::: Materials provided
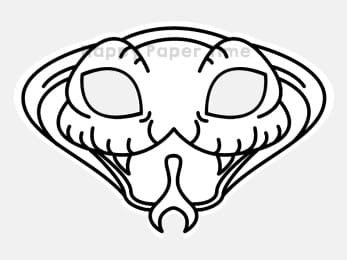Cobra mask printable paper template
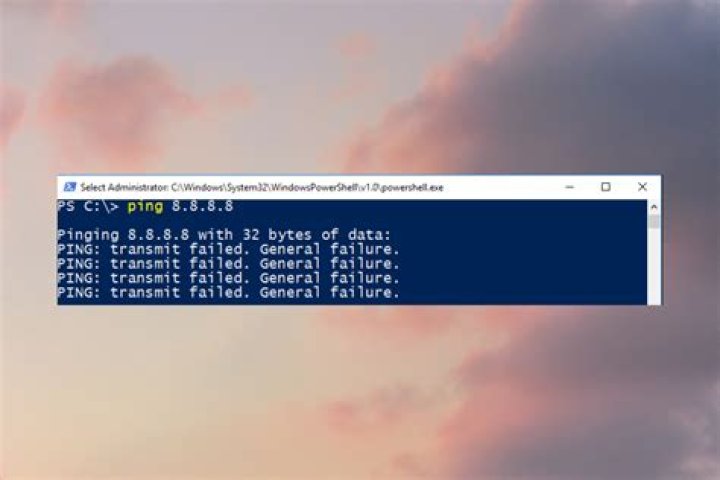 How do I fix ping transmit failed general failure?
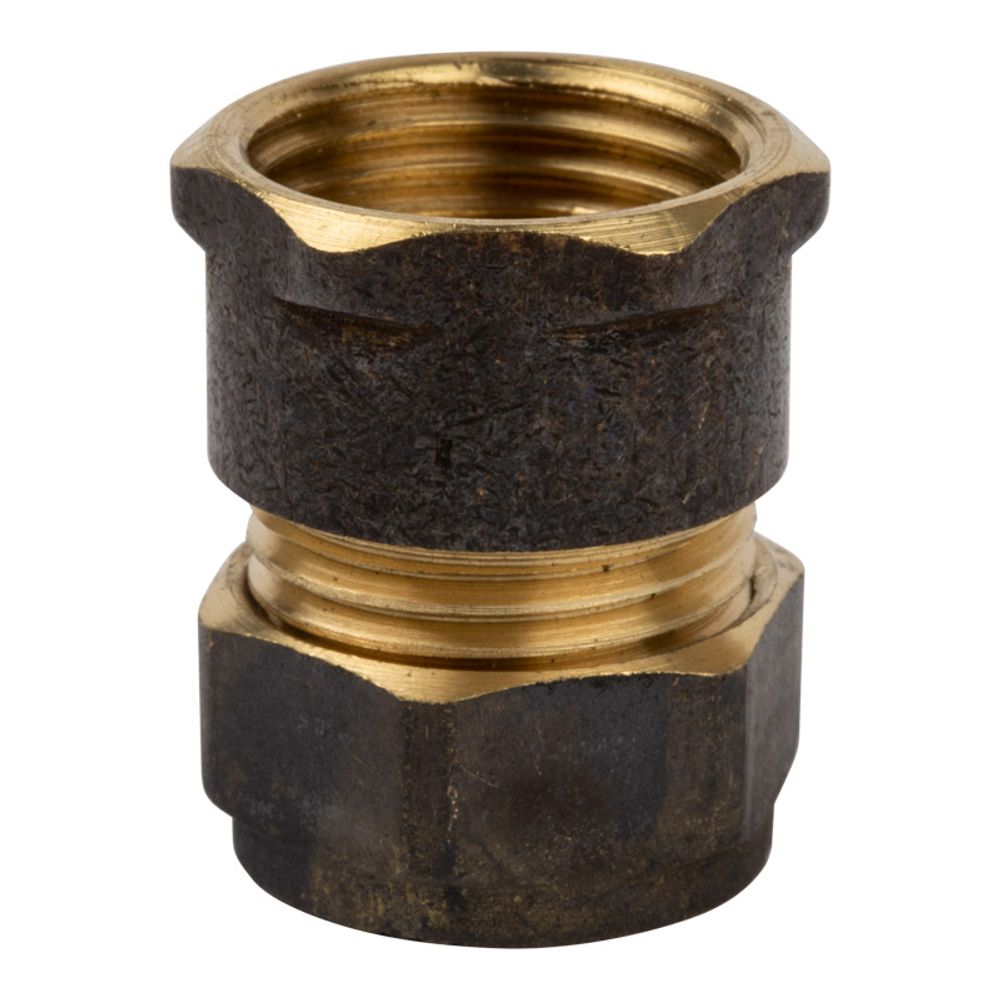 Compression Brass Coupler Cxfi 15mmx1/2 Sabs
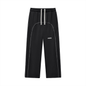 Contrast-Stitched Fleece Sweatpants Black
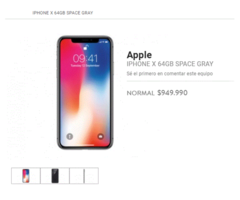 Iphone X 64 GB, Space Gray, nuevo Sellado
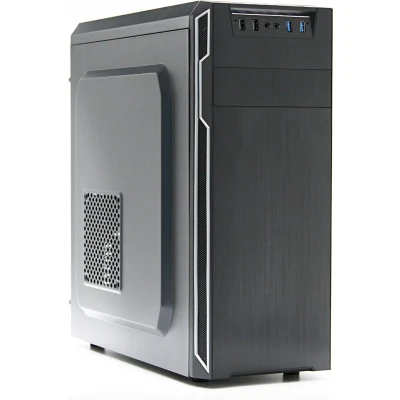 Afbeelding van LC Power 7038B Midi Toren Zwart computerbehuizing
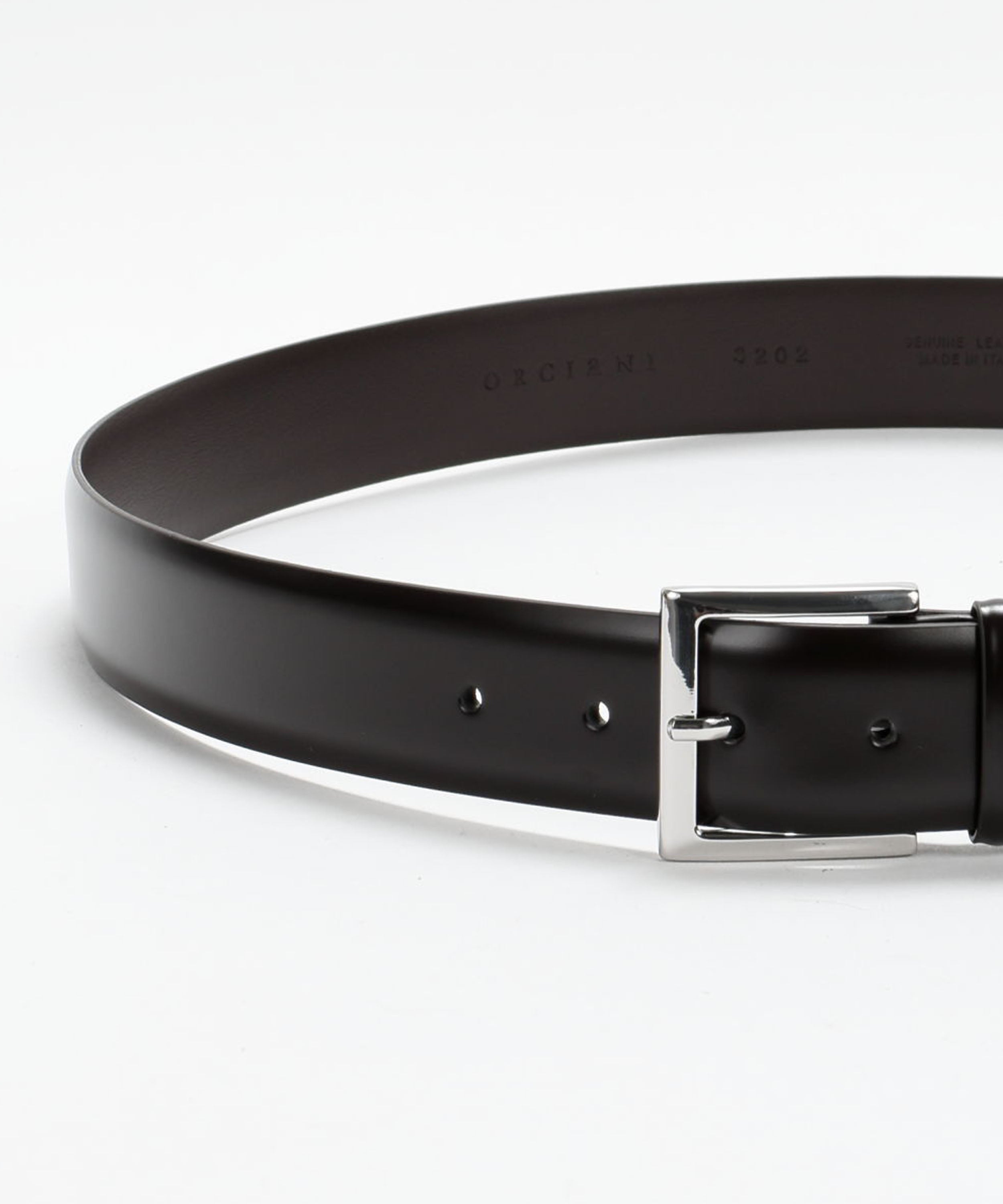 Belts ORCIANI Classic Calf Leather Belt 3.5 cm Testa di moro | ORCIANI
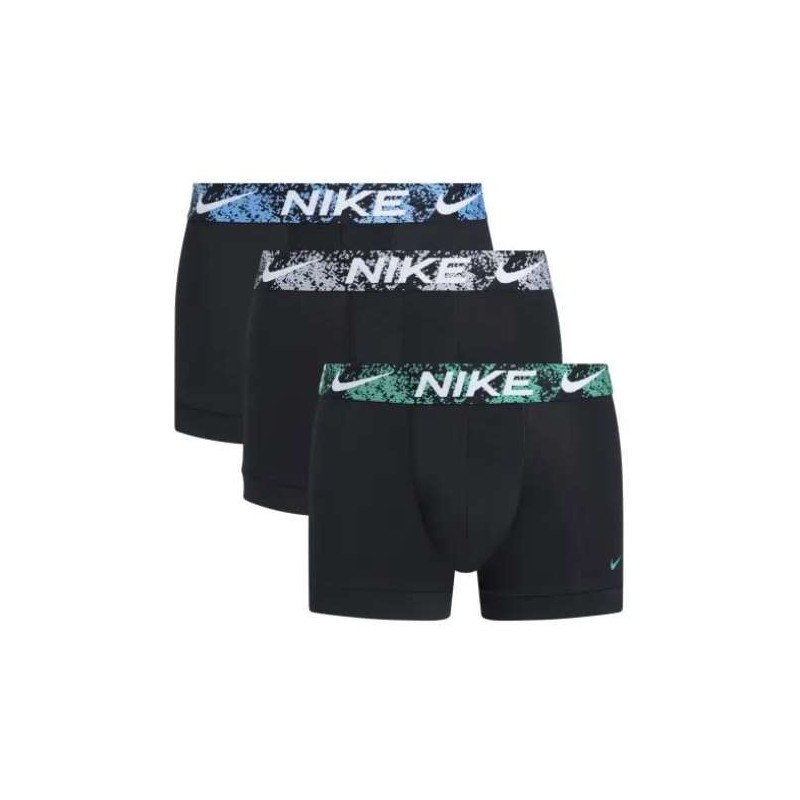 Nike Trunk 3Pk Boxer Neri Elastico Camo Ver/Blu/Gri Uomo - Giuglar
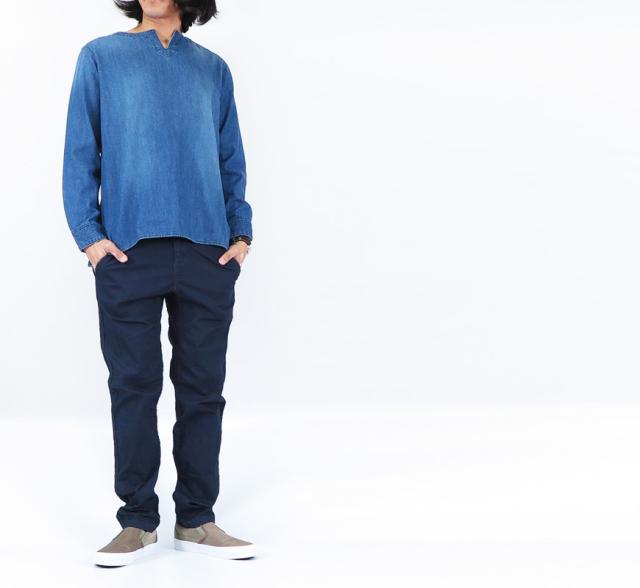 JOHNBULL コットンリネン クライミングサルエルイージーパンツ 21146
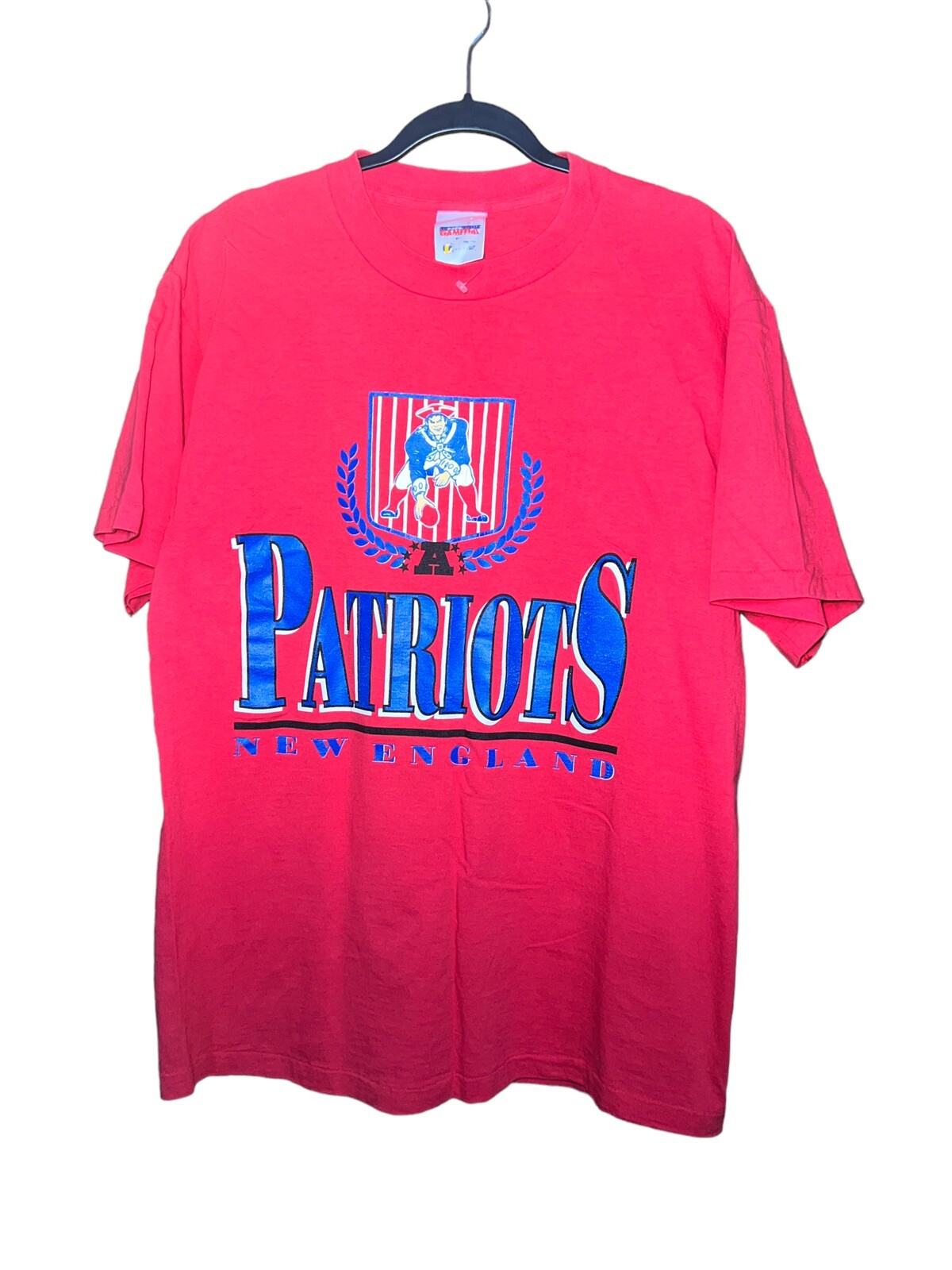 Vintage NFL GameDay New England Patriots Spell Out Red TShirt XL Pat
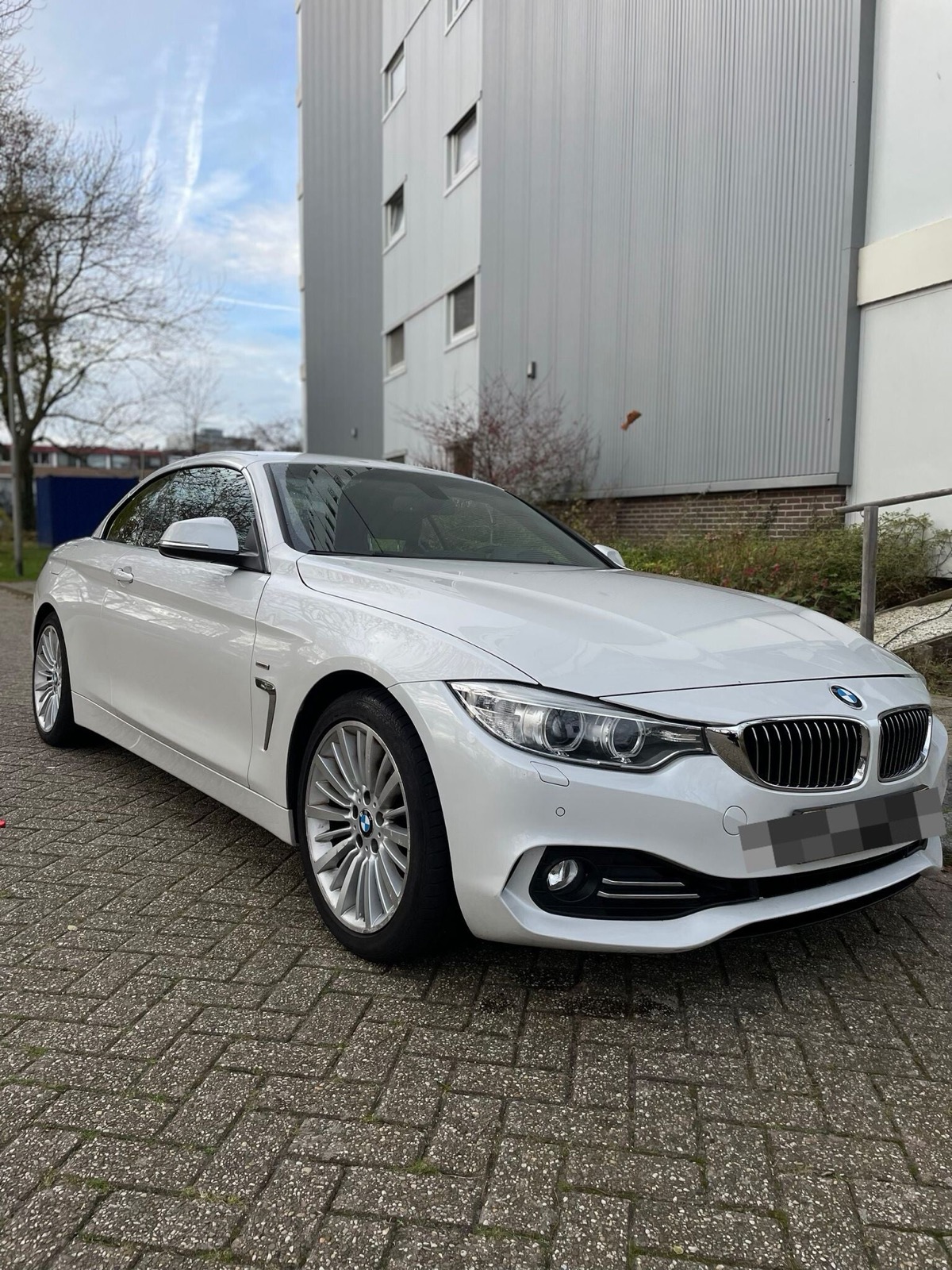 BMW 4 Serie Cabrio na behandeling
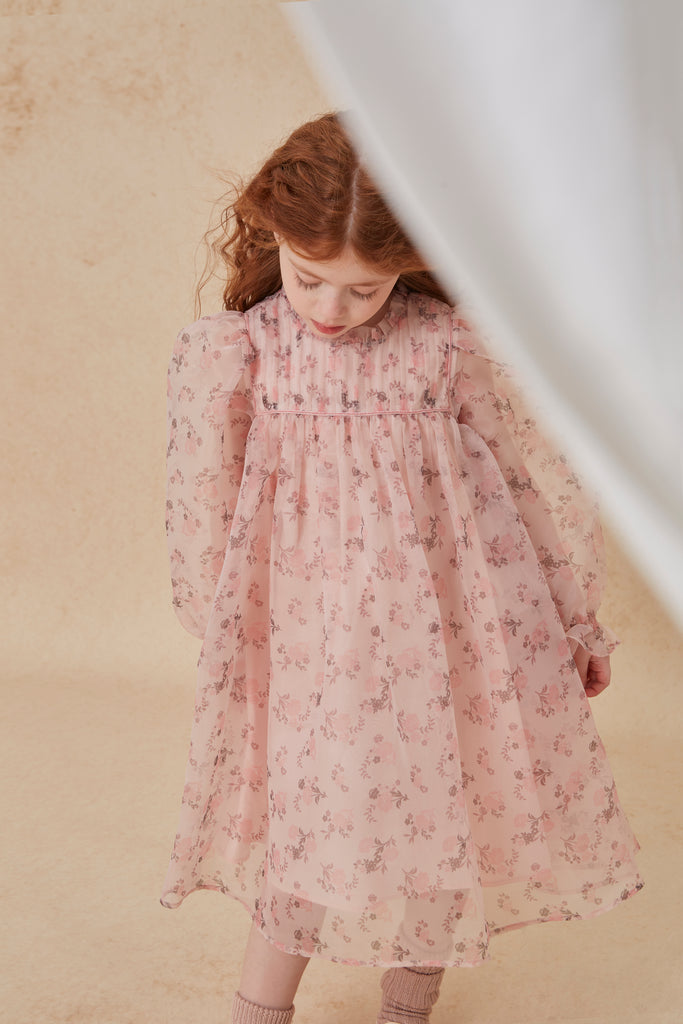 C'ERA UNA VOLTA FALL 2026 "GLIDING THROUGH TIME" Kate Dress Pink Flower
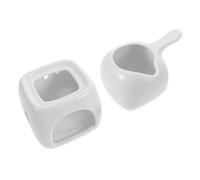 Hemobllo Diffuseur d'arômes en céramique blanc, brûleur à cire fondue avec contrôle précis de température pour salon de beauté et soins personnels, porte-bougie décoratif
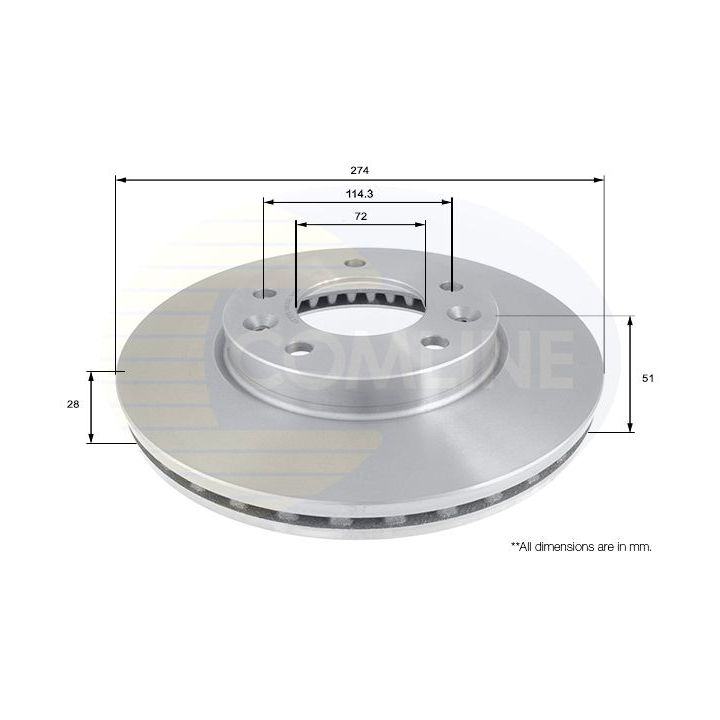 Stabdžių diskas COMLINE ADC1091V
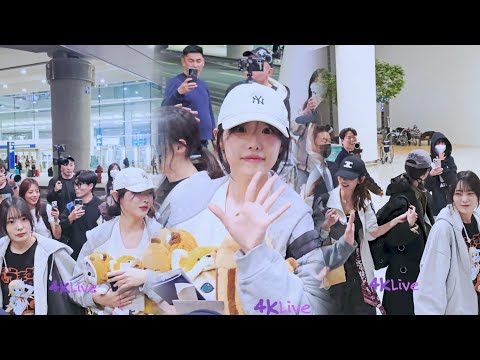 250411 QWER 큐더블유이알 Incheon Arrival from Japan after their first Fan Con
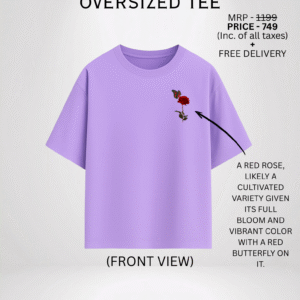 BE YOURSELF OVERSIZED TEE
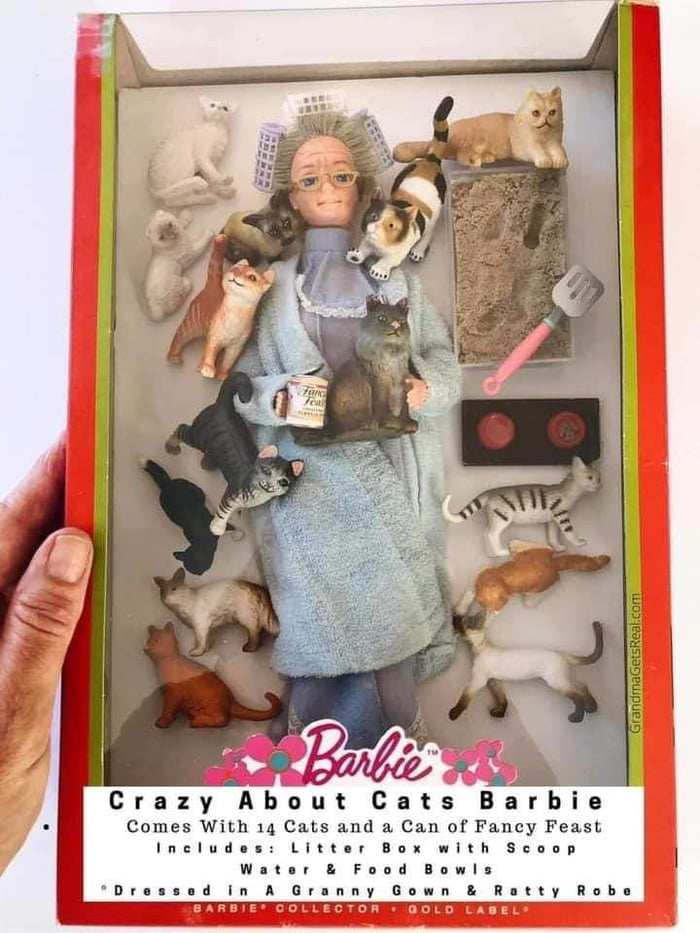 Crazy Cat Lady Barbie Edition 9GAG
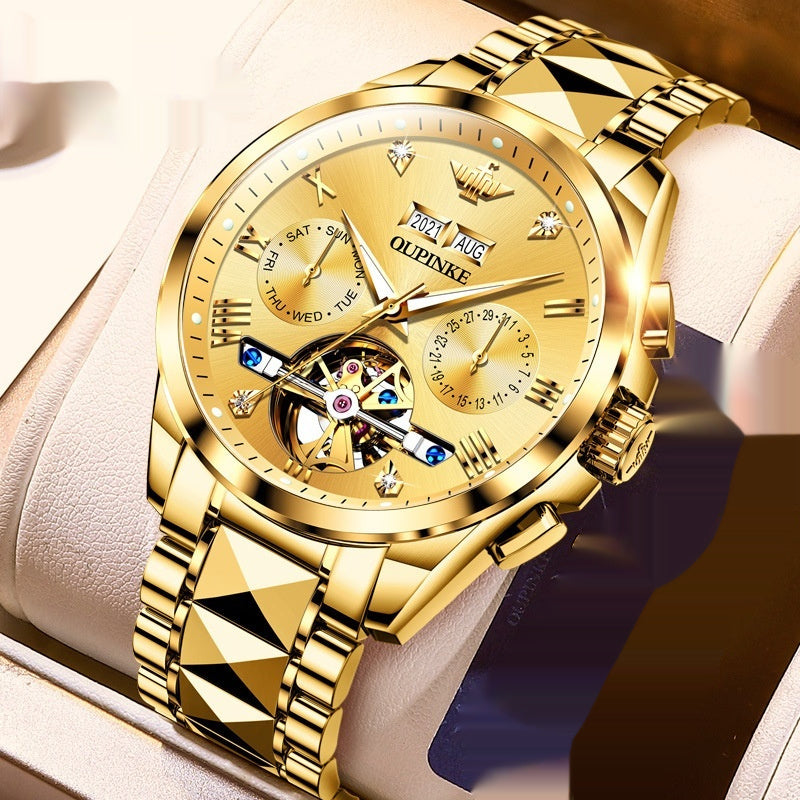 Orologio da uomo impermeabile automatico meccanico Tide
::::::
Description of the task:
With all pictures left out, please transcribe exactly the lines from the start of the material through the line with "Stabdžių diskas COMLINE ADC1091V".

Solution to this problem:
Cobra mask printable paper template
 How do I fix ping transmit failed general failure?
 Compression Brass Coupler Cxfi 15mmx1/2 Sabs
 Contrast-Stitched Fleece Sweatpants Black
 Iphone X 64 GB, Space Gray, nuevo Sellado
 Afbeelding van LC Power 7038B Midi Toren Zwart computerbehuizing
 Belts ORCIANI Classic Calf Leather Belt 3.5 cm Testa di moro | ORCIANI
 Nike Trunk 3Pk Boxer Neri Elastico Camo Ver/Blu/Gri Uomo - Giuglar
 JOHNBULL コットンリネン クライミングサルエルイージーパンツ 21146
 Vintage NFL GameDay New England Patriots Spell Out Red TShirt XL Pat
 BMW 4 Serie Cabrio na behandeling
 C'ERA UNA VOLTA FALL 2026 "GLIDING THROUGH TIME" Kate Dress Pink Flower
 Hemobllo Diffuseur d'arômes en céramique blanc, brûleur à cire fondue avec contrôle précis de température pour salon de beauté et soins personnels, porte-bougie décoratif
 Stabdžių diskas COMLINE ADC1091V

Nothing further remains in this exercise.